Variazioni in percentuale. Fonte: Rapporto CsC «Dove va l'economia italiana» giugno 2018

L’export italiano rallenta nel 2018

Plausibile manovra correttiva da 9 mld
In questo quadro, per gli economisti di Confindustria «è plausibile la richiesta di una manovra correttiva in corso d'anno». Nello scenario di previsioni di giugno del Centro studi di viale dell'Astronomia «la correzione richiesta quest'anno sarebbe di 0,5 punti di Pil, pari a 9 miliardi». Nel 2019 «la correzione dovrebbe essere di 0,6 punti, quasi 11 miliardi, poco meno di quanto entrerebbe dall'attivazione della clausola d salvaguardia».

Boccia a Governo: prepariamoci a rallentamento, reagire e difendersi
«Siamo ottimisti nelle aspettative e pessimisti nelle previsioni», ha spiegato Boccia a margine della presentazione del rapporto CsC commentando lo scenario economico che emerge dal documento. Al rischio rallentamento «si aggiunge un rischio incremento dei tassi e la fine del quantitative easing nel 2019. Prepararsi a questo futuro significa potenziare la competitività delle imprese italiane e costruire un percorso virtuoso». Il suggerimento di Biccia al Governo è di «definire un intervento organico di politica economica di medio termine che metta al centro anche l'attenzione su altri argomenti: infrastrutture, giovani, occupazione». Prioritaria l’occupazione, «a partire dai giovani e più netto in busta per i lavoratori italiani a partire dal cuneo fiscale». Boccia ha quindi posto «una questione di metodo» al Governo: «Sarebbe opportuno definire innanzitutto gli effetti sull'economia reale delle cose che si vogliono realizzare».

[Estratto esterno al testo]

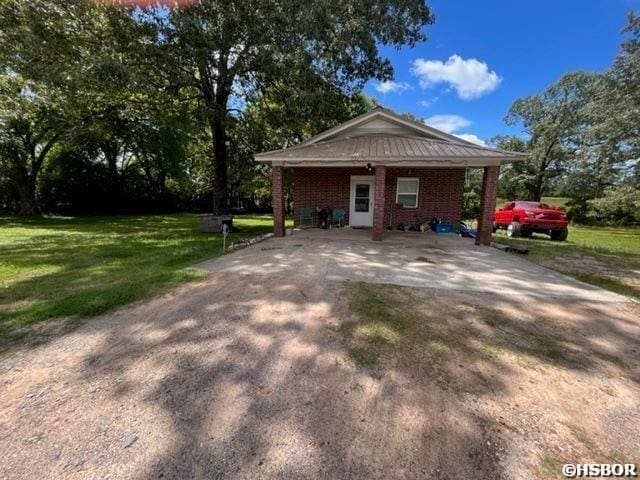 1526 Pearcy Rd, Pearcy, AR 71964 - view of property exterior featuring a yard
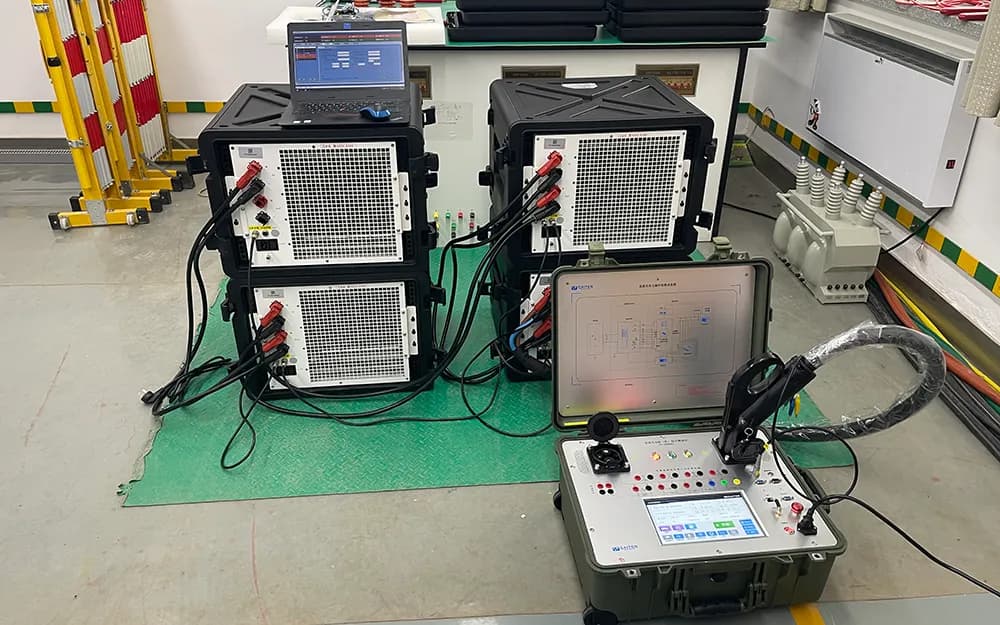 Portable charging diagnostic instrument connected to stacked test loads in a laboratory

La campagna elettorale è finita, basta parlare solo di migranti e pensioni
«Non possiamo sostenere ancora mesi di campagna elettorale», ha messo poi in guardia il presidente di Confindustria invocando «un confronto serrato» su «contenuti e strategie». Ora bisogna «entrare in una dimensione di intervento organico di politica economica, non si può parlare solo di migranti e di pensioni». E fare attenzione alla compatibilità tra misure del ”contratto di governo” e conti pubblici. Il rischio non è solo «di depressione, non solo di regressione, ma di inizio del declino». Preoccupa una politica che oggi alza la voce con l'Europa? «Seè una tattica per costringere l'Europa a costruire una stagione di riforma aiuta, se è invece una logica che è contro l'Europa a prescindere non aiuta affatto. Se l'Italia esce dall'euro può avere solo problemi».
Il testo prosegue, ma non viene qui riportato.